Exercise
Please repeat the records exactly from their first line, finishing at the line containing "Discover Watercolor Palette" and including it.

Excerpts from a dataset

************

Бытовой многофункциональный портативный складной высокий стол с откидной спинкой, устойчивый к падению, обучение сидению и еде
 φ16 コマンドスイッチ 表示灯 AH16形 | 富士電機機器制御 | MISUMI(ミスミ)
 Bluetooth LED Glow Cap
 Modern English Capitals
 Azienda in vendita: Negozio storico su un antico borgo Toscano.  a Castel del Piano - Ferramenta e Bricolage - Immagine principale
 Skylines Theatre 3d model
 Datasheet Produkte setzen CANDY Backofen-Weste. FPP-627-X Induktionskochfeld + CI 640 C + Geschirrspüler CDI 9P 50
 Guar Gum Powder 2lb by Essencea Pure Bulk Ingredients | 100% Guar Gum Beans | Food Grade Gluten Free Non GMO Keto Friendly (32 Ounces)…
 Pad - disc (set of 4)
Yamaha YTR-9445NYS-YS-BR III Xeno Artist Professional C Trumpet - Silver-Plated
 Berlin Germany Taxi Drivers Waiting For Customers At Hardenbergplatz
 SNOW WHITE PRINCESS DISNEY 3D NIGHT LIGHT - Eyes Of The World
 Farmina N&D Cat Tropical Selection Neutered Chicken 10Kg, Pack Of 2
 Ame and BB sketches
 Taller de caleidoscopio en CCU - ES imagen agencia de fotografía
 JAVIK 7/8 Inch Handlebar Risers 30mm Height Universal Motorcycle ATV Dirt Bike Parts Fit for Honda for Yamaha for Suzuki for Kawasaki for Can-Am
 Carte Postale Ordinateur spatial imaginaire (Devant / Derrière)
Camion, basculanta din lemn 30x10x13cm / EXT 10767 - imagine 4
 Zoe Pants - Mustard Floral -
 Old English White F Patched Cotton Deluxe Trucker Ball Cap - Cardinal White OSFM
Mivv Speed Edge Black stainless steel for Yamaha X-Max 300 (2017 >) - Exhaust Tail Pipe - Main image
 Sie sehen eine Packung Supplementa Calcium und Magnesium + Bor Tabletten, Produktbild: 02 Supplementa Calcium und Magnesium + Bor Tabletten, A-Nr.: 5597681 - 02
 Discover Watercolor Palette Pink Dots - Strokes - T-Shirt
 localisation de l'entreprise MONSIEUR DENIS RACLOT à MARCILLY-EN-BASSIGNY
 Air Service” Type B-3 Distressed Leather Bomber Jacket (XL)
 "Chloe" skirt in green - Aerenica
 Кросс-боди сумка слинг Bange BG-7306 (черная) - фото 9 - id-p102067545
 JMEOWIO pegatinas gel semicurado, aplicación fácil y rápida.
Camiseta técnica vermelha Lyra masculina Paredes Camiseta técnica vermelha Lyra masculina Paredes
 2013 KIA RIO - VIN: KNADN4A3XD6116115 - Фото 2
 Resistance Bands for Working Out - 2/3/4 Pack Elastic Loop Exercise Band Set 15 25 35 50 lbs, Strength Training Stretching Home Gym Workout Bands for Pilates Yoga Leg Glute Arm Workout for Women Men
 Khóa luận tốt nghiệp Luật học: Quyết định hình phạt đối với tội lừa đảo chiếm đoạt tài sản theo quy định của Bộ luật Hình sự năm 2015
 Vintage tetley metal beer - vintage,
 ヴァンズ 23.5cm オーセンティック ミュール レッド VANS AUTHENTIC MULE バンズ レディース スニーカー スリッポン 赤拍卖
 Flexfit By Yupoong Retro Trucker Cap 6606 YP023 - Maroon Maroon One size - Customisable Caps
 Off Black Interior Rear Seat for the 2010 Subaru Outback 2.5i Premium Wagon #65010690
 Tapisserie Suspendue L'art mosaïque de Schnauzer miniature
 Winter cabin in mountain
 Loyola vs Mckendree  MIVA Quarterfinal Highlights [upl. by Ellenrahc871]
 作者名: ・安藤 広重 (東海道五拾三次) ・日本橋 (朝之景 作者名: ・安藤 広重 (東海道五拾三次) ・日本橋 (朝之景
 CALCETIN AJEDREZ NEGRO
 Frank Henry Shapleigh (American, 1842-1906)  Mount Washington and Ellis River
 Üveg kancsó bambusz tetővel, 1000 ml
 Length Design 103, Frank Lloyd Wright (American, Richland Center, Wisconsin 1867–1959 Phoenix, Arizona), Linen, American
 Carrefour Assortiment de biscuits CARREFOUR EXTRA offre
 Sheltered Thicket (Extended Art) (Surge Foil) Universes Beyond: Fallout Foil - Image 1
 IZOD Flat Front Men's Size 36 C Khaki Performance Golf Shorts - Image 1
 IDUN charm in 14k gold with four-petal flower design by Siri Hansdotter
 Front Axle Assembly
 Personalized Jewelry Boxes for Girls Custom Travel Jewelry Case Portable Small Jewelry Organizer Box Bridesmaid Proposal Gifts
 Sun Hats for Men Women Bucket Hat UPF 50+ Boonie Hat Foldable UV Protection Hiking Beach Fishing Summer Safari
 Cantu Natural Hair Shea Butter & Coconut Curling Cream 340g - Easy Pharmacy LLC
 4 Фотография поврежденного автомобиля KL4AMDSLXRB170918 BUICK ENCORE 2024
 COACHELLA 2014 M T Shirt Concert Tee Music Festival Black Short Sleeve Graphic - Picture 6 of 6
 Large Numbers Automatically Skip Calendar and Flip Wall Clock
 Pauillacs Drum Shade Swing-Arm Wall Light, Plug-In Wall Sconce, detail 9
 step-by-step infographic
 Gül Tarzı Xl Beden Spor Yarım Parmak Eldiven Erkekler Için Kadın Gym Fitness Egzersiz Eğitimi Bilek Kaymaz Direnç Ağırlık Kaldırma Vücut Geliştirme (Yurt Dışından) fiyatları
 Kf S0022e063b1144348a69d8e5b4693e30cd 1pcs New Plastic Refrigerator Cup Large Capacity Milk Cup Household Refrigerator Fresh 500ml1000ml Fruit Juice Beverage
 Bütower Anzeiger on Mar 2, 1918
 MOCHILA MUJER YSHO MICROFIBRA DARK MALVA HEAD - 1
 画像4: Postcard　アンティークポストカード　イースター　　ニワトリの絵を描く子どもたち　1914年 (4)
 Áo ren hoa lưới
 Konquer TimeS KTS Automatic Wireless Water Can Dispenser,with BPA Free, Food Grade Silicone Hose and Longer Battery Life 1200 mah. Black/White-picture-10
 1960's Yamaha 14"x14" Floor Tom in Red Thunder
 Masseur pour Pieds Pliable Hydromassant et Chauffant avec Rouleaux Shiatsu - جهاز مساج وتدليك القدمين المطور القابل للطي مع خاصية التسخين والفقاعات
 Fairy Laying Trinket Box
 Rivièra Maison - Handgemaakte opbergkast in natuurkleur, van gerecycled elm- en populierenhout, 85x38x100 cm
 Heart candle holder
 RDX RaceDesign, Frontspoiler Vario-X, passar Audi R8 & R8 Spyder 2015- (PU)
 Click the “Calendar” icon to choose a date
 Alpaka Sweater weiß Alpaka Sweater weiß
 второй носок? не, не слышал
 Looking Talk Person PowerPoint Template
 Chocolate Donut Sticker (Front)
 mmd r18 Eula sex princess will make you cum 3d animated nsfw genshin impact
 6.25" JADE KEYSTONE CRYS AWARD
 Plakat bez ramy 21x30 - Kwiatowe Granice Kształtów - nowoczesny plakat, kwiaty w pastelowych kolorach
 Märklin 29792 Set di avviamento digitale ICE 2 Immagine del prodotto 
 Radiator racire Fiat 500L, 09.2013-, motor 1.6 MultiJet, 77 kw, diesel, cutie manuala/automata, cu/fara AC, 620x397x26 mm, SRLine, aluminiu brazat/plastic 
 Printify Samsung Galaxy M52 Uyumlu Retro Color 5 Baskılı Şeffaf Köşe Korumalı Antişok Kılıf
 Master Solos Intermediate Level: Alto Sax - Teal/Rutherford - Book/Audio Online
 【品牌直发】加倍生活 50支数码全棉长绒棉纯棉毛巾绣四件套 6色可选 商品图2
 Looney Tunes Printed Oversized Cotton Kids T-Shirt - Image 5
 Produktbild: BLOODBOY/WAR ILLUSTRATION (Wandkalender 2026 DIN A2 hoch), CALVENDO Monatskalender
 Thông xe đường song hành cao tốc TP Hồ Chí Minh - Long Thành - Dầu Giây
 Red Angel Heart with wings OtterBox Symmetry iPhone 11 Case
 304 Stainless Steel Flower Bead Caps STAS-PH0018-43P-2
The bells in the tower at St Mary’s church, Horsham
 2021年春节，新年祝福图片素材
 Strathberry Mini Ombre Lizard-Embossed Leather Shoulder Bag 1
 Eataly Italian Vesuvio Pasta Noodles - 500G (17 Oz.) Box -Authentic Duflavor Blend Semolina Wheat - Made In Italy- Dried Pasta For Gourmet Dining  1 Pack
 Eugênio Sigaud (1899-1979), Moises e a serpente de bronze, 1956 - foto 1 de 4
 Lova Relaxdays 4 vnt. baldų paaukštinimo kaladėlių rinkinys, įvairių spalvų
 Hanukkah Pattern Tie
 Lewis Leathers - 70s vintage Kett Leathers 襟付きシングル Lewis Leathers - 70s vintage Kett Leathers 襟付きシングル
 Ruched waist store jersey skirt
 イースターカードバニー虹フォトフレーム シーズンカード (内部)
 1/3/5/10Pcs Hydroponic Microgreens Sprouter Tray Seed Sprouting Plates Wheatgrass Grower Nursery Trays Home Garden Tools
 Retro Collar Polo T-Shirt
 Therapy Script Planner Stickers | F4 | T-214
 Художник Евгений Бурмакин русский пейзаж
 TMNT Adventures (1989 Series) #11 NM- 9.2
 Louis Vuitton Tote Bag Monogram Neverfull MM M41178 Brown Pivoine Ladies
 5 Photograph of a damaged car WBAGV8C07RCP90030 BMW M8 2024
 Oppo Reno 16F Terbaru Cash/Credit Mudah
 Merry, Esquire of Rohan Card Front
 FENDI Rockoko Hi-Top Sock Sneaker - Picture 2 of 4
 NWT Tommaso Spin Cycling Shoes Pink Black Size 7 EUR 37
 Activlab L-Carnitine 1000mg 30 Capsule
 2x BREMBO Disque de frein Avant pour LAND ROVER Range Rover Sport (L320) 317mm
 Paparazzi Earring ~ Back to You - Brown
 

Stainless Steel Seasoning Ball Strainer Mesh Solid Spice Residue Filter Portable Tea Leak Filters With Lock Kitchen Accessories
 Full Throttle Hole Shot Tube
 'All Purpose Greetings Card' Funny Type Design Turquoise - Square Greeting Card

************

Output of the task
Бытовой многофункциональный портативный складной высокий стол с откидной спинкой, устойчивый к падению, обучение сидению и еде
 φ16 コマンドスイッチ 表示灯 AH16形 | 富士電機機器制御 | MISUMI(ミスミ)
 Bluetooth LED Glow Cap
 Modern English Capitals
 Azienda in vendita: Negozio storico su un antico borgo Toscano.  a Castel del Piano - Ferramenta e Bricolage - Immagine principale
 Skylines Theatre 3d model
 Datasheet Produkte setzen CANDY Backofen-Weste. FPP-627-X Induktionskochfeld + CI 640 C + Geschirrspüler CDI 9P 50
 Guar Gum Powder 2lb by Essencea Pure Bulk Ingredients | 100% Guar Gum Beans | Food Grade Gluten Free Non GMO Keto Friendly (32 Ounces)…
 Pad - disc (set of 4)
Yamaha YTR-9445NYS-YS-BR III Xeno Artist Professional C Trumpet - Silver-Plated
 Berlin Germany Taxi Drivers Waiting For Customers At Hardenbergplatz
 SNOW WHITE PRINCESS DISNEY 3D NIGHT LIGHT - Eyes Of The World
 Farmina N&D Cat Tropical Selection Neutered Chicken 10Kg, Pack Of 2
 Ame and BB sketches
 Taller de caleidoscopio en CCU - ES imagen agencia de fotografía
 JAVIK 7/8 Inch Handlebar Risers 30mm Height Universal Motorcycle ATV Dirt Bike Parts Fit for Honda for Yamaha for Suzuki for Kawasaki for Can-Am
 Carte Postale Ordinateur spatial imaginaire (Devant / Derrière)
Camion, basculanta din lemn 30x10x13cm / EXT 10767 - imagine 4
 Zoe Pants - Mustard Floral -
 Old English White F Patched Cotton Deluxe Trucker Ball Cap - Cardinal White OSFM
Mivv Speed Edge Black stainless steel for Yamaha X-Max 300 (2017 >) - Exhaust Tail Pipe - Main image
 Sie sehen eine Packung Supplementa Calcium und Magnesium + Bor Tabletten, Produktbild: 02 Supplementa Calcium und Magnesium + Bor Tabletten, A-Nr.: 5597681 - 02
 Discover Watercolor Palette Pink Dots - Strokes - T-Shirt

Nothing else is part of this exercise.